Świat przed Switchem. Kto oprócz Nintendo tworzył handheldy?
Do roku 2017 rynek konsol dzielił się ściśle na segment urządzeń stacjonarnych oraz przenośnych, czyli handheldów. W tym pierwszym niepodzielnie rządziły (i nadal dominują) SONY i Microsoft ze swoimi platformami PlayStation oraz Xbox.
W międzyczasie pierwszy z tych koncernów mniej lub bardziej nieudolnie próbował zdobyć udział w rynku mobilnego sprzętu do gier. Pomysły japońskiej firmy przyjmowały się jednak co najwyżej średnio. Niespecjalnie udał się PSP, czyli PlayStation Portable, który borykał się z problemem piracenia gier, a jeszcze gorzej Vita, na którą brakowało wysokiej jakości tytułów. Nie udał się też Xperia Play, czyli smartfon z wysuwanymi padami, czego powodem była niska wydajność jego podzespołów.
Główny rywal SONY – Microsoft – do dziś nie zdecydował się na wydanie przenośnej konsoli. Swoich sił nie próbowali również inni wielcy gracze branży gamingowej. Mam tu na myśli zarówno producentów elektroniki takich jak ASUS, jak i właścicieli platform internetowych z grami, m.in. Valve.
Od czasu do czasu swój kawałek tortu próbowali wykroić jedynie mniej znani lub nieraz całkiem anonimowi twórcy, np. OUYA. Efekty ich prac były jednak mizerne, przez co bardzo szybko o nich zapominano. Rynkiem przenośnych konsol niepodzielnie rządziło Nintendo, które konsekwentnie budowało swoją pozycję w gamingowej społeczności od lat 80. Przedsiębiorstwo z Kioto postanowiło jednak pójść dalej i zaoferować urządzenie hybrydowe.
Fenomen Nintendo, czyli jak Switch podbił rynek przenośnych konsol
Realizacja idei konsoli jednocześnie mobilnej i stacjonarnej przekroczyła chyba oczekiwania wszystkich, łącznie z jej twórcami. Ich projekt udowodnił, że do podbicia serc graczy nie trzeba wcale budować mocnego sprzętu. Postawili przede wszystkim na praktyczność, której nie sposób zmierzyć samą specyfikacją techniczną.
W rezultacie powstało urządzenie, które na pierwszy rzut oka prezentuje się bardzo przeciętnie. Nawet w 2017 roku ekran o rozdzielczości 1280 x 720 pikseli i przekątnej 6,2 cala, do tego wykonany w trącącej już myszką technologii LCD nie robił wrażenia.
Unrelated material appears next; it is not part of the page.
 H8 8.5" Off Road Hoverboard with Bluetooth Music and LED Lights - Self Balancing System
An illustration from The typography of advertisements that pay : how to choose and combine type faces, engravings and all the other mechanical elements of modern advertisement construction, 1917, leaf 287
Przyzwoite, ale też niezbyt zachwycające są możliwości trybu wideo, działającego po podłączeniu Switcha do telewizora. Obraz wyświetla się maksymalnie w rozdzielczości Full HD (1920 x 1080 pikseli), ale na jego korzyść przemawia płynność dobijająca do 60 FPS (klatek na sekundę).
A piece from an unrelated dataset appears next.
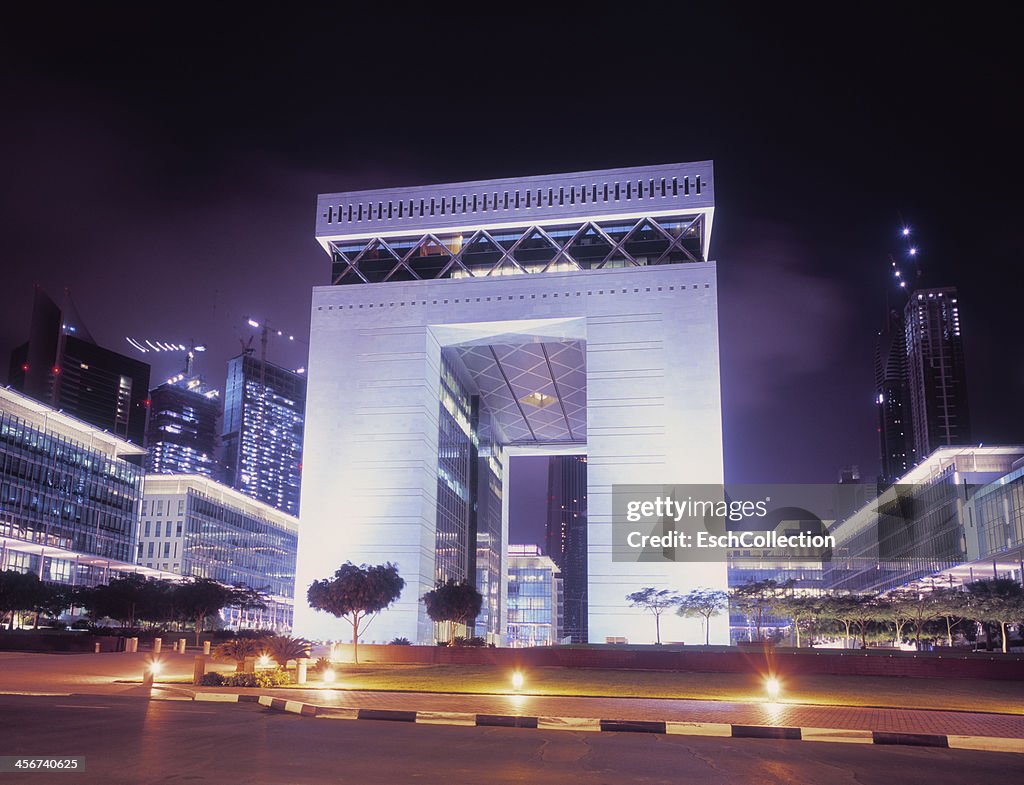 Modern office buildings at Dubai Financial Centre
Pierwsza generacja Nintendo Switch była ponadto wyposażona w głośniki stereo i niezbyt imponujący pojemnością dysk twardy mający 32 GB miejsca na dane. Jakby więc nie patrzeć, specyfikacja techniczna konsoli nie wykraczała ponad to, co było dostępne w ówczesnych smartfonach z budżetowej półki. Właśnie to jednak w dużej mierze przesądziło o sukcesie Switcha. Dzięki niewymagającym wielkiej energii podzespołom sprzęt działa nawet do 6 godzin.
Czego więcej mogli chcieć gracze? Długa żywotność akumulatora w przypadku mobilnej konsoli jest ważniejsza niż wydajność. Co w końcu po niej, jeśli doprowadzi do szybkiego rozładowania ogniwa, a zabawa skończy się po godzinie czy dwóch. W połączeniu ze względnie niewielkimi rozmiarami czyni to z Nintendo Switch idealny sprzęt do spakowania do plecaka i ruszenia w podróż.
Na popularność Switcha wpłynęła też niezwykle pomysłowa konstrukcja. Stacja dokująca, która pozwala w jednym urządzeniu mieć zarówno konsolę stacjonarną, jak i przenośną, to pomysł genialny. Dość powiedzieć, że do dziś ani SONY, ani Microsoft, ani żaden inny producent elektroniki nie stworzył czegoś podobnego, a przy tym tak udanego. W połączeniu z odczepianymi, autonomicznymi kontrolerami Joy-Con projektanci stworzyli zestaw idealny do grania w każdych warunkach.
Żeby było mało, wiele pracy włożyli w przygotowanie wygodnego wyświetlacza. Jego siła nie tkwi bowiem w wielkości i rozdzielczości, ale kącie widzenia. Co mam na myśli? Najlepiej zobaczyć to na własne oczy, porównując ekran Switcha z mierzącą około 6,2 cala przekątnej matrycą smartfona. Widać wyraźnie, że na zastosowanym w konsoli panelu widać więcej niż na porównywalnym wyświetlaczu telefonu.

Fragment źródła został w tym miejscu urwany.